The allies of Sparta, both those who fell in the four days before the betrayal of the pathway and those who fell at the end, were duly praised, but Leonidas and his three hundred have always received, and justly, the lion’s share of honour. They represented the Lacedæmonians at their best. The moral prestige that the Spartans had temporarily forfeited by their absence from Marathon was now regained, to be still further emphasized at Platæa. Over the Spartans buried at Thermopylæ was inscribed:—

“Stranger, go unto Sparta, aye go and announce to our people
Here we their orders obeyed, here we are lying in death.”

In Lacedæmon also the names of the three hundred were inscribed upon a pillar, still existing in the time of Pausanias. On the hill at Thermopylæ, where the Spartans made their last stand, was set up a marble lion to honour the name of Leonidas.
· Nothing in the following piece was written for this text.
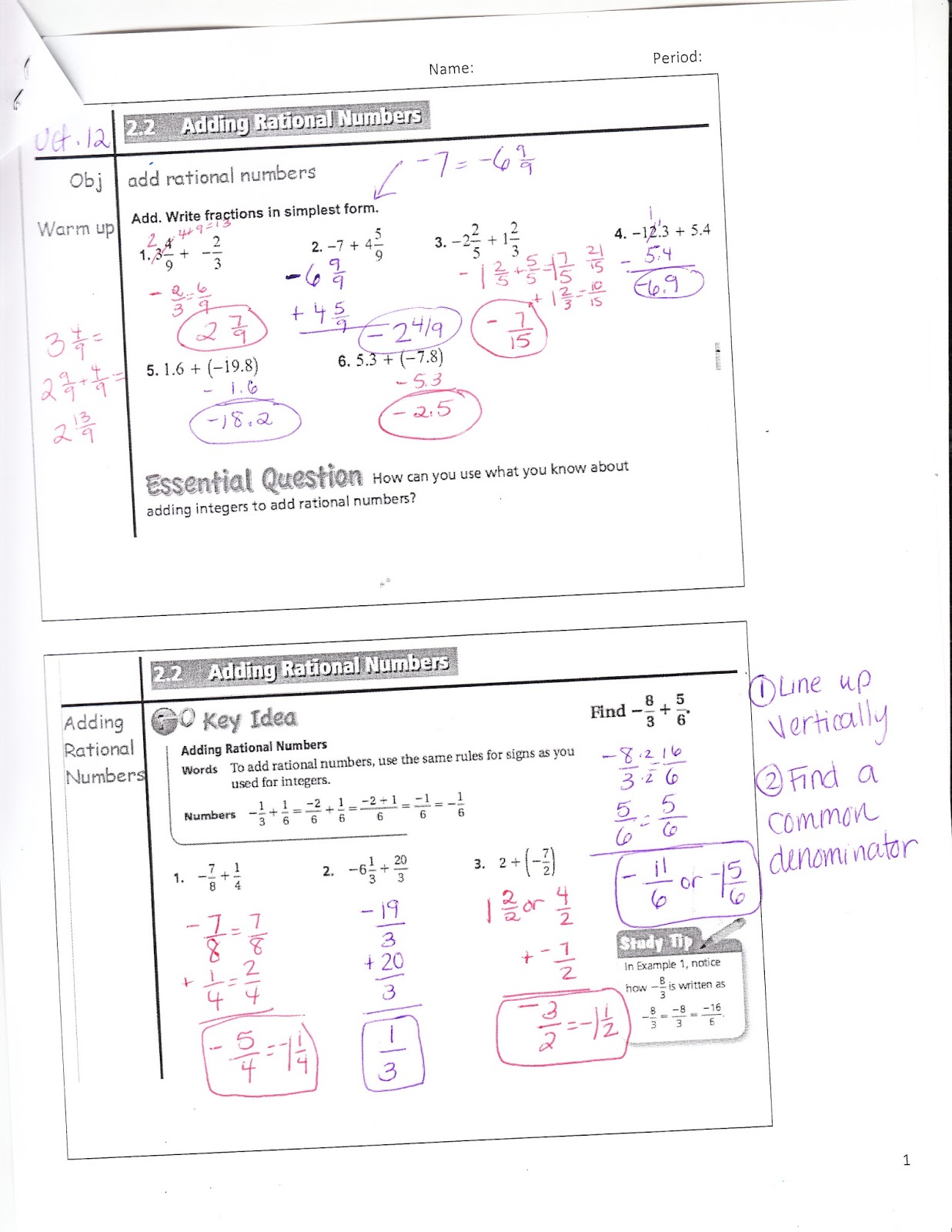 Ms. Jean's Classroom Blog: Math 7 2.2 Adding Rational Numbers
In an epigram, said to have been written for the monument by Simonides, the lion is represented as saying to the passers-by:—

“I am the strongest of beasts of the wild, but the strongest of mortals
He it is over whose tomb I as a sentinel stand.
Were he not Leo in courage, as even my name he possesses,
Never had I set foot here on the marble above.”
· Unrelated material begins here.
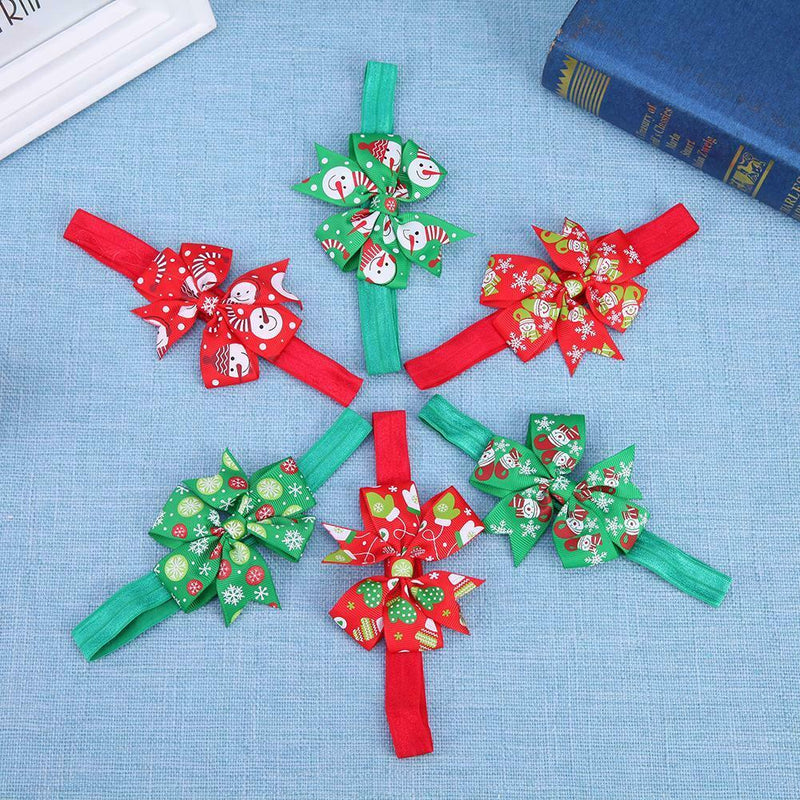 6pcs Hair Band Christmas Baby Swallowtail Bowknot Headdress Hair Accessory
From the longer “encomium” by Simonides on the dead at Thermopylæ is handed down a fragment worthily translated by Sterling:—

“Of those who at Thermopylæ were slain,
Glorious the doom and beautiful the lot;
Their tomb an altar; men from tears refrain
To honour them and praise but mourn them not.
Such sepulchre nor drear decay
Nor all-destroying time shall waste; this right have they.
Within their graves the home-bred glory
Of Greece was laid: this witness gives
Leonidas the Spartan in whose story
A wreath of famous virtue ever lives.”

In addition to Leonidas there was also singled out for individual honour and remembrance the seer Megistias of Acarnania, who claimed descent, proud as that of the Levitical priesthood, from the Homeric seer Melampus. From sacrifices made before sunrise on that last day, the priest gave out in advance the certainty of their impending doom. Presently deserters and scouts came in saying that the Persians had forced the heights. Leonidas, recognizing that when they were attacked in the rear also death was a foregone conclusion, commanded Megistias and the greater part of the allies to withdraw while there was still time. But the priest, refusing to depart, remained to die with Leonidas and set the seal of religious sanction on the struggle for liberty, as the modern priesthood of Greece, in the war with the Turks, by their words and blood inspired and sanctioned the patriotism of the people.
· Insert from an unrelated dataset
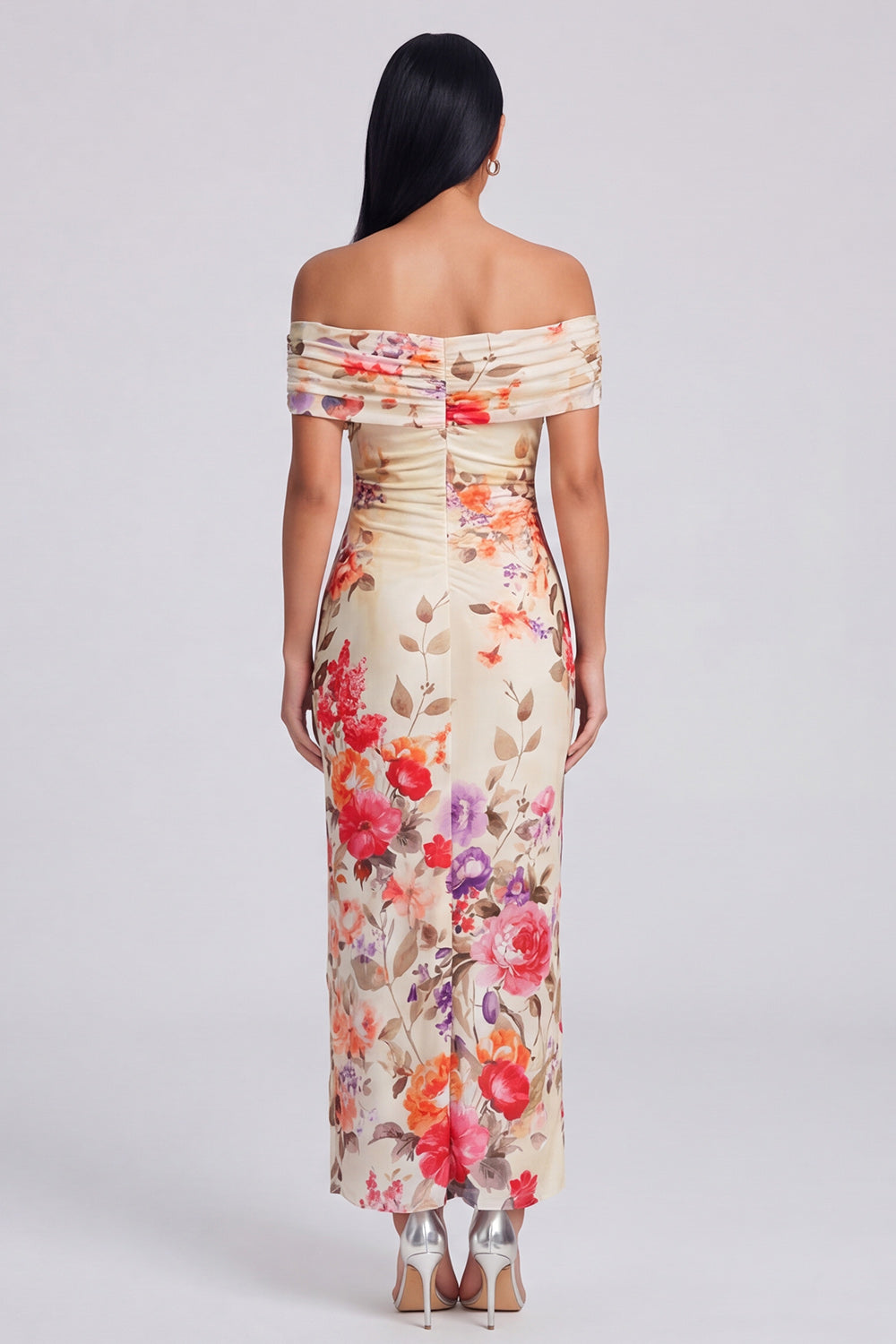 Off the Shoulder Ivory Ruched Printed Bodycon Wedding Guest Dress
The epitaph for the priest was written by Simonides, not by public commission as poet laureate, but, as Herodotus states, by reason of guest-friendship. Even this special inscription, however, on the tomb of the Acarnanian seer, closes with a complimentary reference to Sparta. It was Sparta’s day.

“Famous Megistias here is recorded as one whom the Persians,
Crossing Spercheius’s stream, slew on a day that is gone.
He was the seer, who, though knowing as certain the Fates that were on them,
Could not endure to desert leaders of Sparta in war.”

A dramatic story is selected by Herodotus to embellish his account of the battle. Two Spartan soldiers, Eurytus and Aristodemus, lay at the headquarters at Alpeni, suffering with severe ophthalmia. When the news came in of the final crisis, Eurytus, putting on his armour with the help of his helot squire, was led on his blind way into the thick of the battle and fell fighting with the rest, while the helot made good his escape. Aristodemus, as might indeed seem natural in the case of a man thus incapacitated for service, remained behind and returned home. But his fellow citizens at Sparta, incensed at the contrast between the two, refused him light to kindle fire and nicknamed him the “Trembler.” Nor did any subsequent bravery wipe out his disgrace. Even when, in the closing scene of the great drama at Platæa, he surpassed all others in the reckless daring with which he fought and died, he was still excluded from his country’s roll of honour. Thus imperative did it seem that Spartan courage and love of liberty should be proclaimed to all as the rule that knew no exception.